Super-low real yields for longer is an anchor for the dollar - Socgen
Kit Juckes, an economist at Societe Generale, explained the basic premise of the Kiley/Roberts paper.
Key Quotes:
"The basic premise of the Kiley/Roberts paper is that if the 'neutral' real interest rate is as low as 1% (which is broadly what most analyses conclude), then the neutral nominal rate with a 2% inflation target is 3%.
And if neutral rates in nominal terms are at 3%, rather than, say 6%, then the chances that rates ought to be below zero at some point in the economic cycle are high. Which, in turn, causes a huge problem if the zero lower bound makes getting inflation back up to target in economic downturn harder. And that creates a risk that inflation will be below target and output below potential more frequently, risking a vicious spiral as the central bank fails o get output back on trend. Hence the Bernanke solution - a deliberate policy of keeping policy too easy into an economic upswing, temporarily ignoring upside inflationary risks.
That is very similar to what Fed policy currently looks like. Old-fashioned measures of a potential output suggest that with the economy at or close to full employment (the weakness of wage growth notwithstanding), there isn't much slack left.
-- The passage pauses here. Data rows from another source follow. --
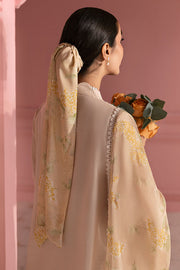 Cross Stitch Premium Embroidered Lawn Unstitched 3Pc Suit - PEACH PARFAIT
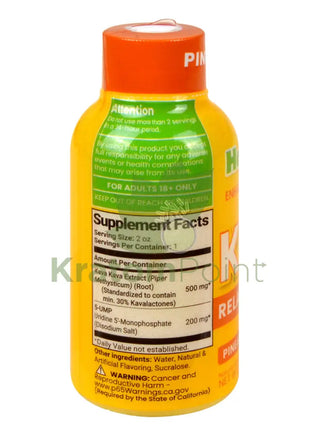 Happy Hippo Pineapple Orange Kava+ with 5-UMP 59ml bottle Kava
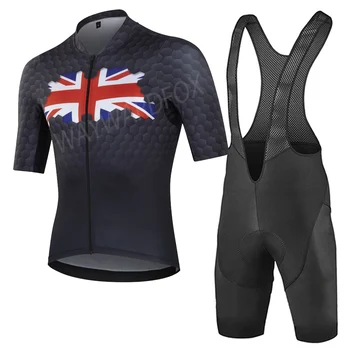 НОВАЯ мужская велосипедная майка сборной Великобритании Черный велосипедный комплект Рубашка с коротким рукавом Комплекты велосипедной одежды Нагрудники Одежда для езды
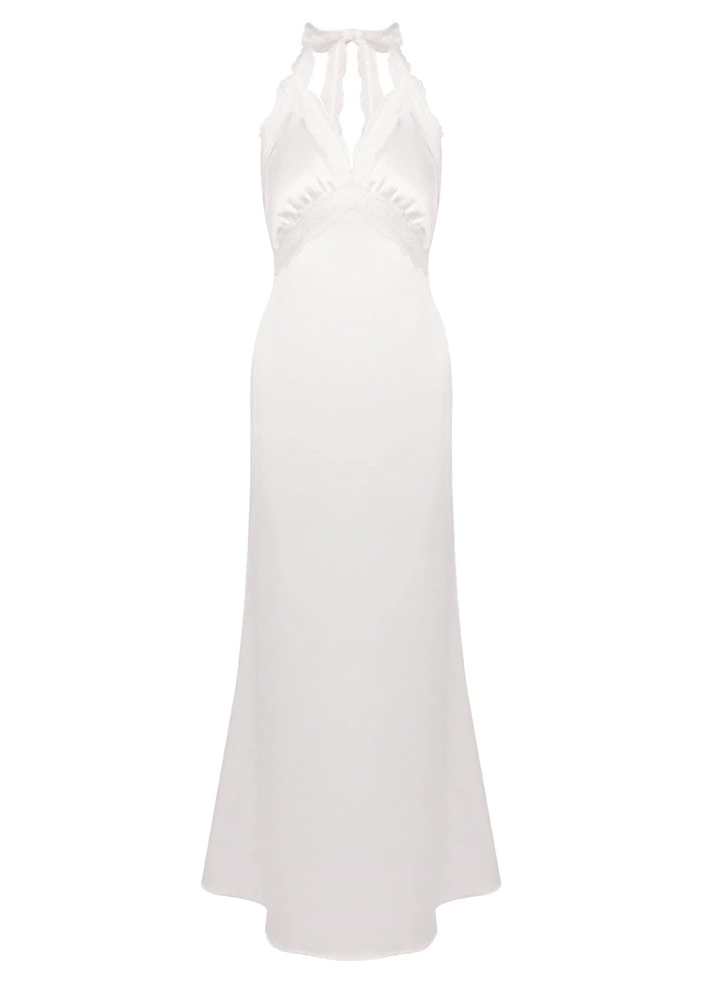 Kelvin Halter Neck Satin Lace Maxi Dress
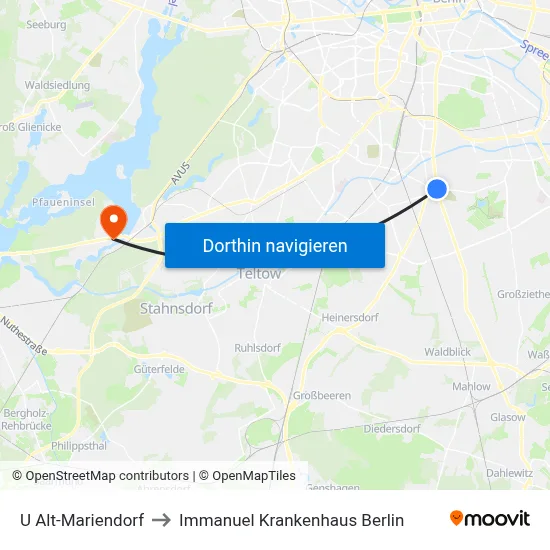 U Alt-Mariendorf to Immanuel Krankenhaus Berlin map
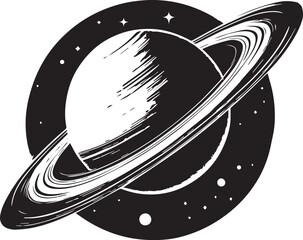 Saturn Sillhouette,  Planet Saturn with planetary ring vector, cosmos and planet silhouette illustration © jobaida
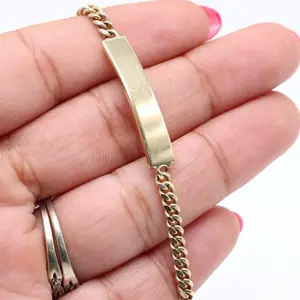14KT Gold Baby-Cuban Bracelet for Kids Size 6” - Elegant 14K Gold Finish Children's Jewelry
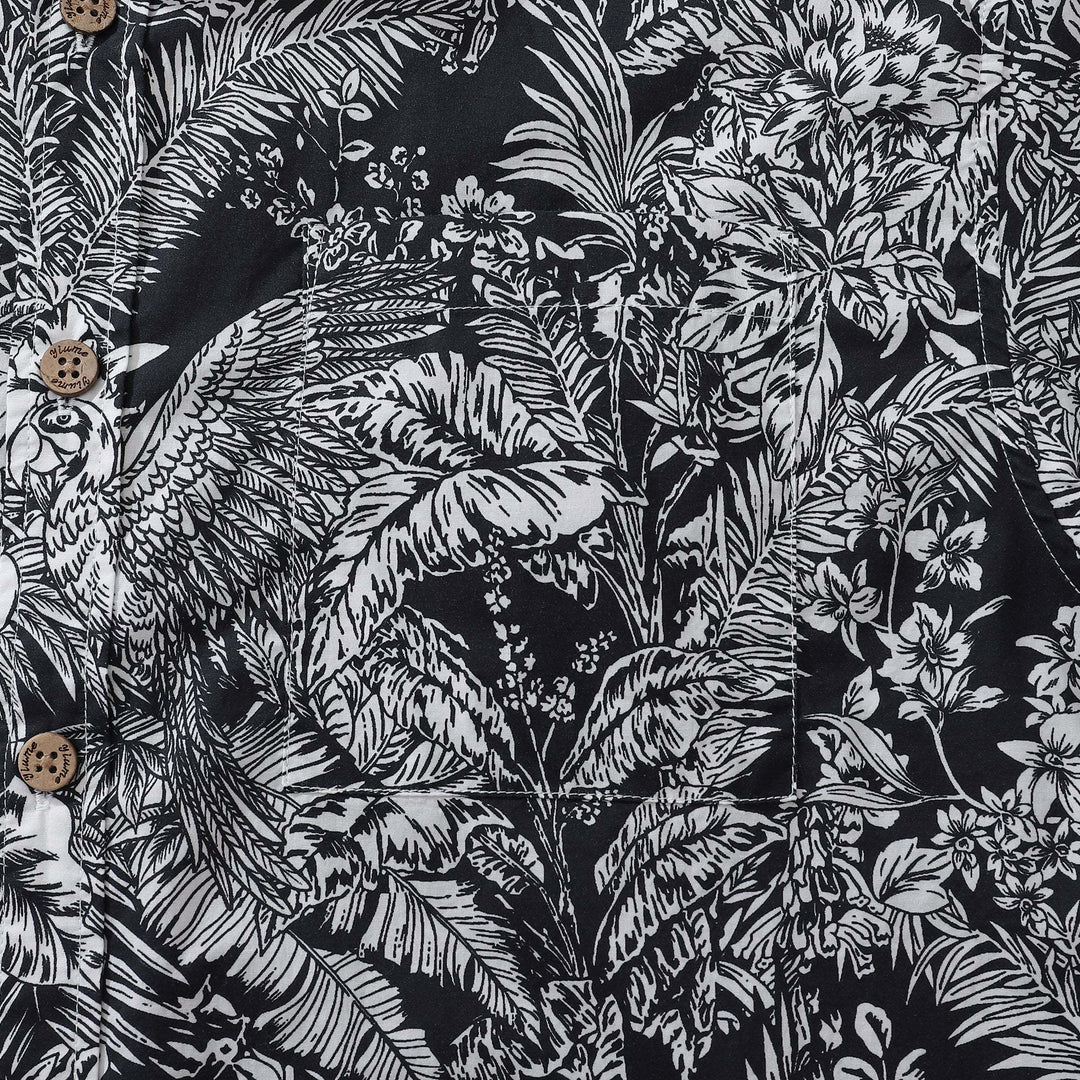 Men's Hawaiian Shirt Black Parrot In The Jungle 100% Cotton Button Down By Amy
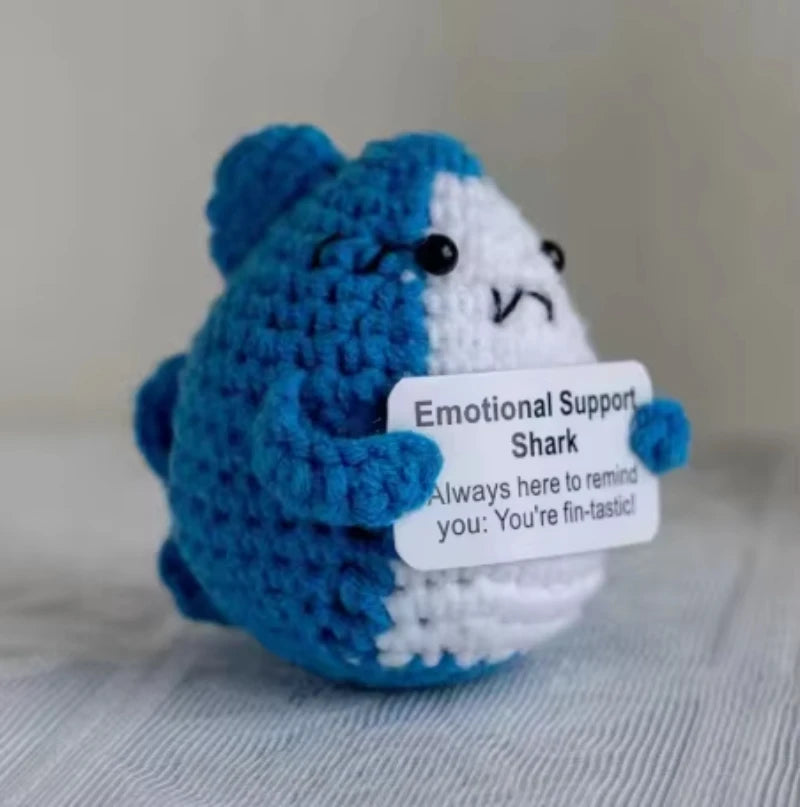 Handmade Knitted Coffee Doll with Card – Funny Crochet Desk Decor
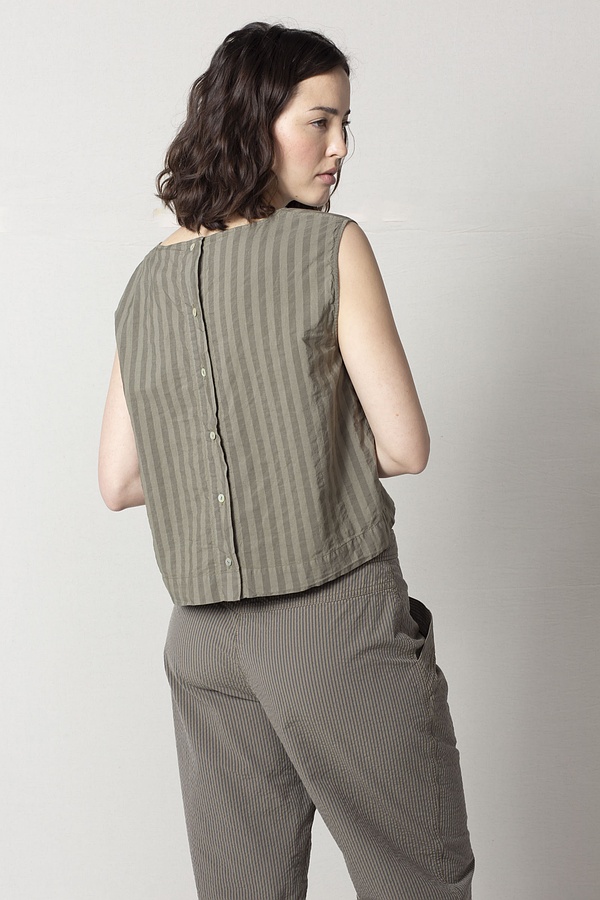 Blouse 509 - Pure Cotton with Chambray Stripes - 770BRANCH - 60250110036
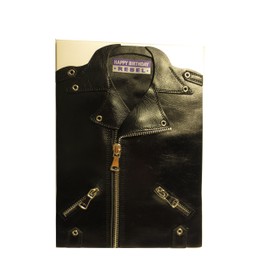 Papyrus Rebel Black Leather Jacket Birthday Card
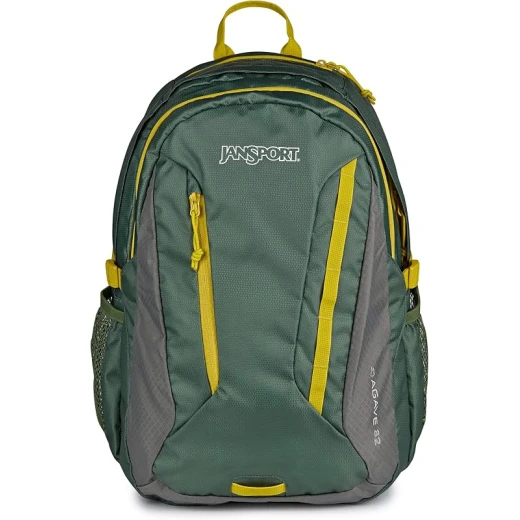 حقيبة ظهر رجالية JanSport Agave من البوليستر 100%، مقصورتان رئيسيتان كبيرتان، جيوب جانبية للزجاجات، حامل مبطن للابتوب 15 بوصة أو نظام ترطيب 3 لتر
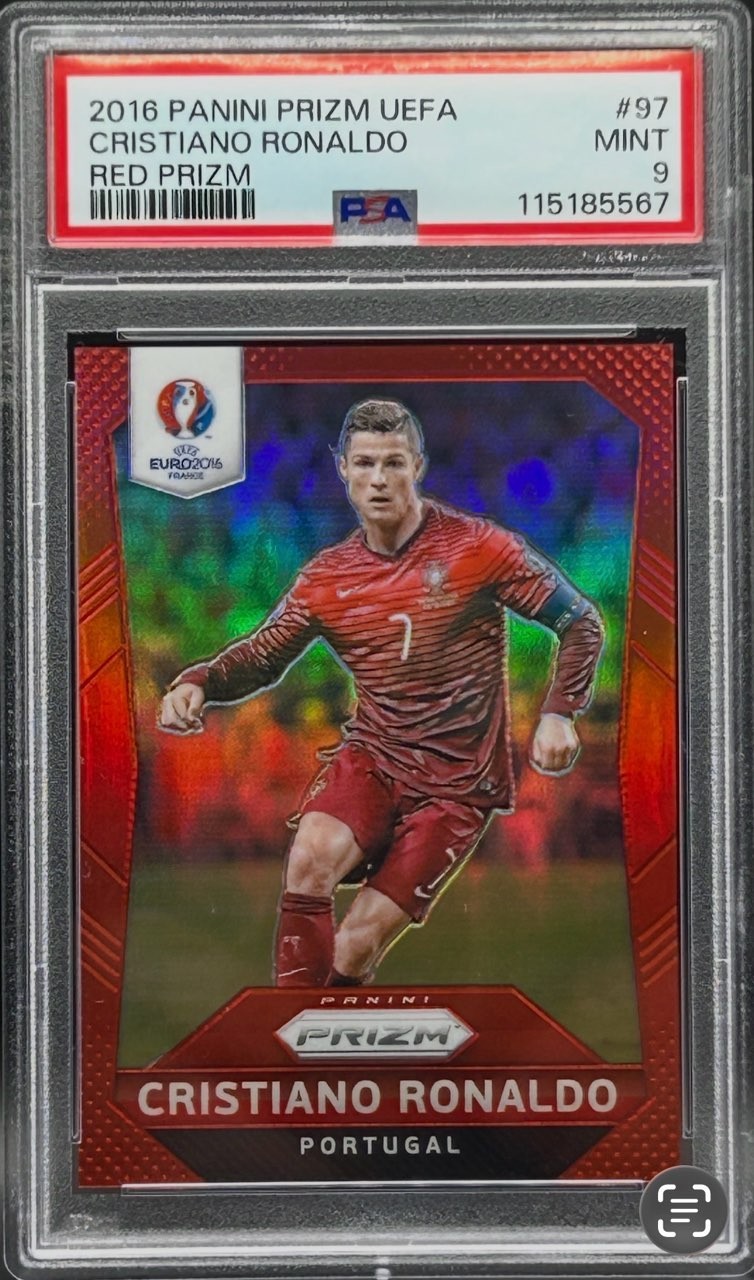 2016 Panini Prizm UEFA Red Cristiano Ronaldo /149 #97 PSA 9 MINT Color Match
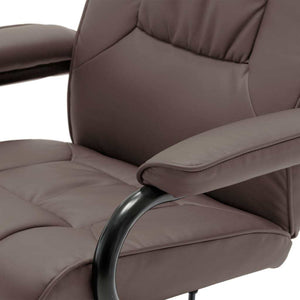 Massage Chair with Foot Stool Brown Faux Leather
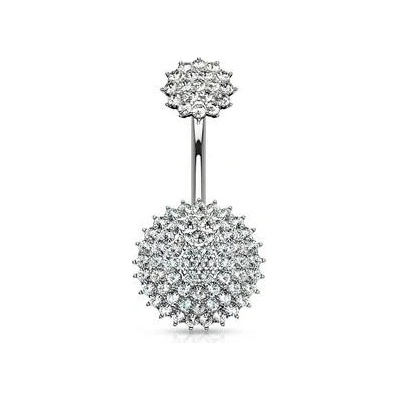 Šperky4U piercing do pupíku s čirými zirkony WP0016-C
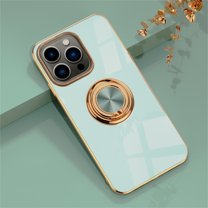 ELEHOLD for iPhone 15 Pro Slim Case Electroplating Frame Design All-inclusive Lens Protection Metal Ring Holder Stand Function Shockproof Lightweight Case for iPhone 15 Pro, Mint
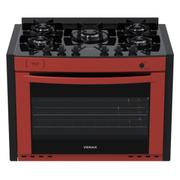 Fogão 5 Bocas de Embutir Venax Gaudi Prisma Vitreo Bl Vermelho Mesa em Vidro - Bivolt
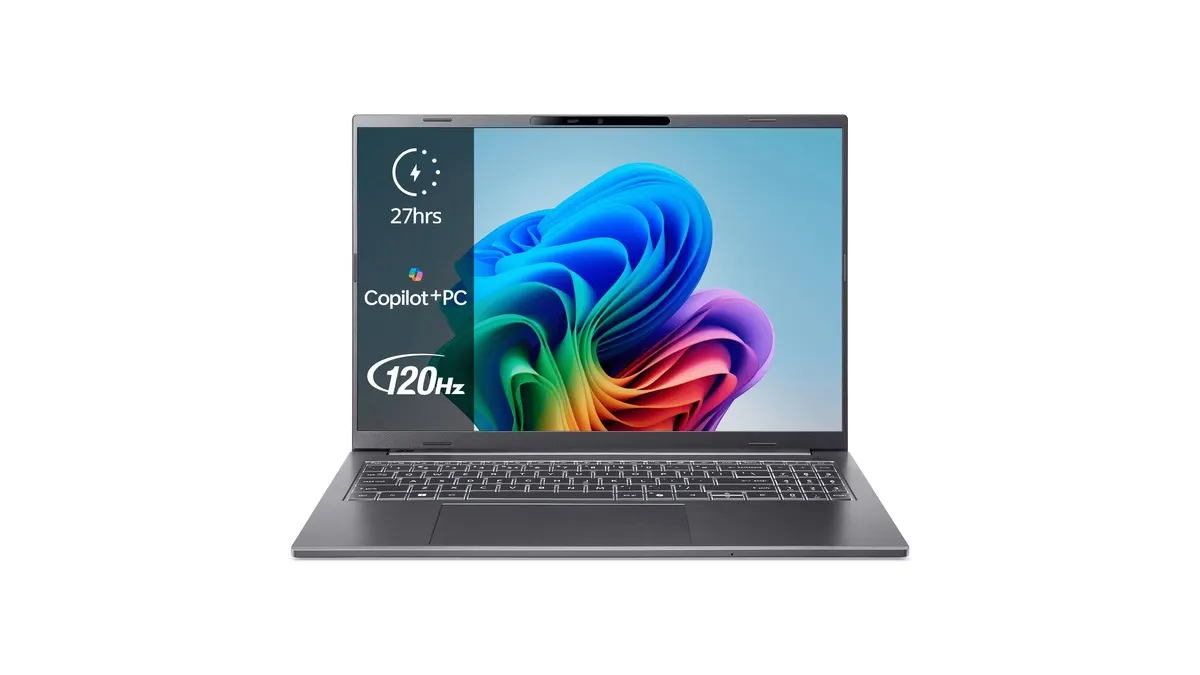 Das Acer Aspire 16 AI vor weißem Hintergrund.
So rates 'ought' to be headed to neutral (3% in nominal terms) pretty briskly. And yet, while the FOMC 'dot-plot' does get to 3% 'in the longer run', insouciance at the market pricing which undershoots the dots, and the tone of Fed commentary, both suggest that there is a deliberate bias not to rush.
My bigger beef with this whole way of looking at things is that if inflation isn't low because of Fed policy, but rather because we're in the middle of a major technological revolution that is keeping it down, irrespective of what's happening to unemployment or to demand, than the fed's ‘neutral' rate is neutral in a narrow sense but fuelling disequilibria in the financial sector, in asset markets and in the balance of payments for that matter. Hence a bias to think that super-low real yields will fuel over-correlated market prices, low market volatility and a general search for yield. They'll also (to get back the FX point) anchor the dollar."